Comment #23 on issue 2869 by a...@
adamhooper.com: Substring of huge string retains huge string in memory
https://bugs.chromium.org/p/v8/issues/detail?id=2869#c23I keep hearing of people running into this issue, so I'll brainstorm some ideas:
1. Modify the language specification so this bug becomes a feature
In Go, the leak is built in to the language specification: Slices explicitly reference their underlying Arrays. Go developers can easily understand the problem, and the solution is intuitive. The problem and solution are documented in a couple of paragraphs at
https://blog.golang.org/go-slices-usage-and-internals.
Here's that idea applied to JavaScript. The JavaScript spec would document that a String consists of a "backing store" and "slice". Each String method specifies whether it reuses an argument's "backing store." And finally, there would be a force-copy function so users had a clear workaround -- for instance, "`new String()` always creates a new backing store."
2. Stop slicing
In OpenJDK, Java Strings used to share a backing store. In 2012, they simply ... stopped. If I'm reading correctly, the OpenJDK community determined that the harm of shared backing stores outweighed the good.
http://mail.openjdk.java.net/pipermail/core-libs-dev/2012-May/010257.htmlShould V8 do the same? Are shared backing stores doing more harm than good, as they did in OpenJDK? (Perhaps shared backing stores are better on 32-bit architectures than on 64-bit architectures, and the whole idea is now an expensive relic?)
3. Use two kinds of string.
Rust is explicit about `str` being a slice ("borrowing" from a backing store) and `String` being not-a-slice:
https://doc.rust-lang.org/std/primitive.str.html https://doc.rust-lang.org/std/string/struct.String.html This makes it easy to reason about what objects consume memory.
C++17 has a similar dichotomy: `std::string` is akin to a Rust `String` ("backing store + length"), and the new `std::string_view` is akin to a Rust `str` ("[borrowed] pointer + length").
(Yes, Go Slices are kinda the same thing. But Rust and C++ aren't garbage-collected, so Rust/C++ developers think in terms of "ownership" and "borrowing".)

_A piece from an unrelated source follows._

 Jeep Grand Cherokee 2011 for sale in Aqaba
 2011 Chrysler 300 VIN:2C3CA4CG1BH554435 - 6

JavaScript could do something similar, and there's already an opening: JavaScript already _has_ two kinds of string! Maybe "primitive string" could be a "slice" and "String" could be a "not-a-slice", or maybe vice-versa. (This probably can't be achieved without big changes to the language spec ... but cut me some slack -- I'm brainstorming here :).)
...
Personally, I'm really curious about my second idea. OpenJDK made the switch; why shouldn't V8?